When all this came to light on Wednesday, comment zeroed in on Citi’s recidivist record and the tolerance supervisors seemed to give it. Although virtually all of Washington’s bandwidth now is consumed by nonstop drama surrounding the President and the election, this perspective will not be lost on those in Congress and, indeed, in some of the supervisory agencies who want to see large banks held more quickly and sternly to account.
The 2008 great financial crisis wasn’t the only one followed by statutory changes aimed at forcing supervisors to intervene early and forcefully. The 1989 response to the S&L crisis overhauled the U.S. supervisory framework in hopes of ending regulatory forbearance. When forbearance was still de rigueur as the S&L crisis of the 1980s turned into the banking crisis of the 1990s, Congress tried again with the “prompt corrective action” framework in the FDIC Improvement Act of 1991. By 2008, it was clear again that many banks and virtually all savings associations had again been backsliding without even a bump or two back uphill from their supervisors. The “early-remediation” provisions embodied in Section 166 of the Dodd-Frank Act are thus aimed at this PCA construct in hopes of making it truly prompt and meaningfully corrective, but rules to do so remain in only proposed form after the Fed took a crack at them.
What might Congress do now to ensure that crime is answered with punishment and how might large banks ensure that justice is tempered not just with mercy, but also knowledge?
There is a strong tendency for bankers to circle the wagons when talk turns to prompt corrective action – given the often contradictory and sometimes even illusory conclusions examiners sometimes reach, companies are understandably loath to allow their examiners to lower any booms. However, forbearance for poor internal practice inevitably leads first to regulatory arbitrage and then to moral hazard followed by heightened risk and, so it seems, a financial crisis every ten years or so. Lowest-common denominator supervision affords lowest-common denominator competitive advantage that ultimately leads to shared political risk and still more regulatory burden, often even then without accompanying supervisory acumen.

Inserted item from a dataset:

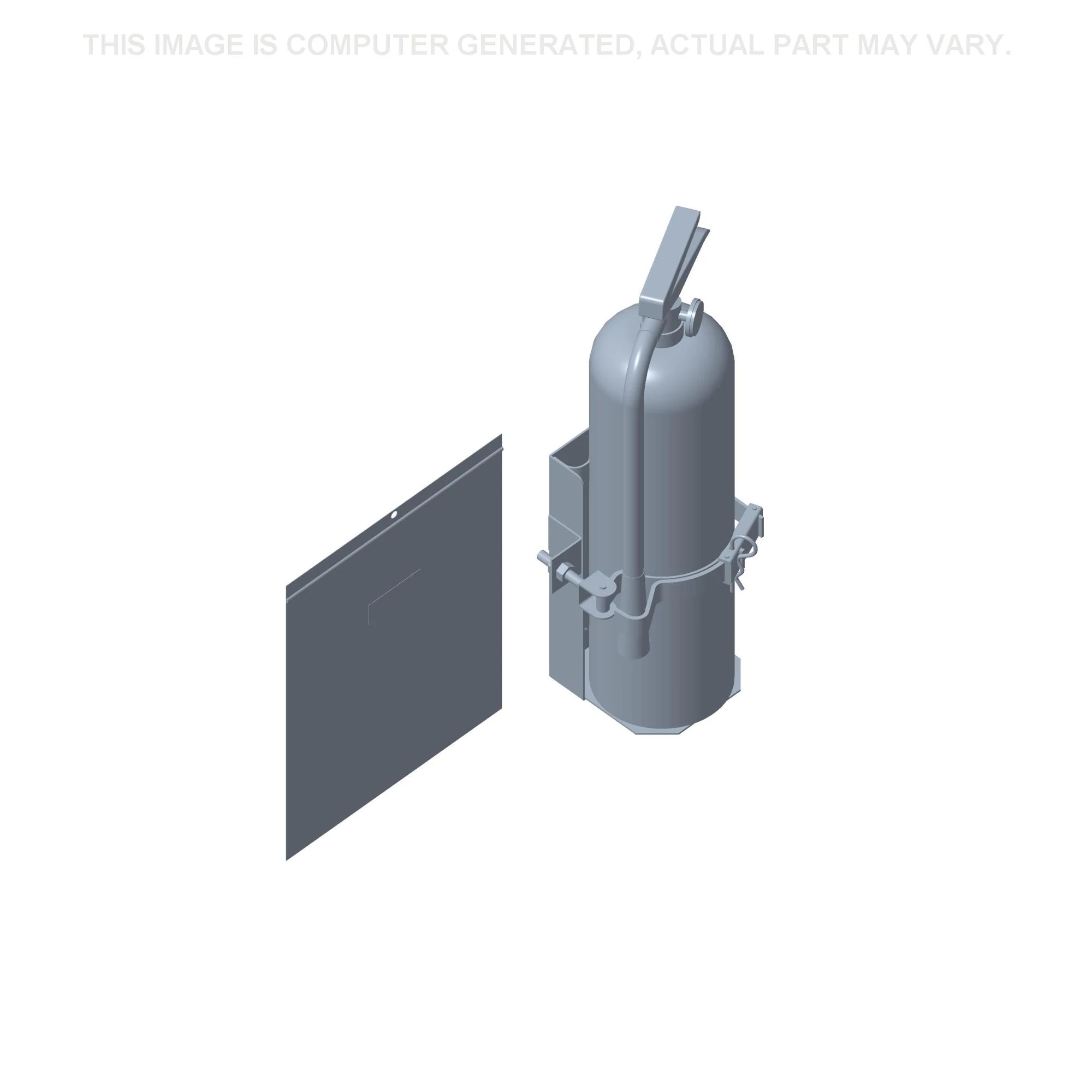 Kit de extintor de incêndio | NEWHOLLANDAG | BR | PT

After wagon-circling doesn’t work, the conventional response to supervisory and political risk taken together is industry best practices. These often have a calming effect but they are best suited to emerging concerns – cybersecurity, for example. A more effective option is the self-regulatory organizations that have long dignified the securities industry. Despite occasional incidents in which critics cite capture, SROs have an excellent track record. SROs for targeted risks – AML, fair lending, operational resilience, even climate risk — may be viable for the banking industry and even efforts to consider them might enhance credibility in key areas. However, there’s no getting around it – prompt supervisory intervention is essential to prevent poor governance from metastasizing into fragile banks. Self-regulation is an important safeguard, but it’s no substitute for meaningful enforcement. Without it, Congress will get really angry, supervisors will be granted no discretion, banks will be unduly chastised, and risk migration will accelerate. Surely, there’s a better way.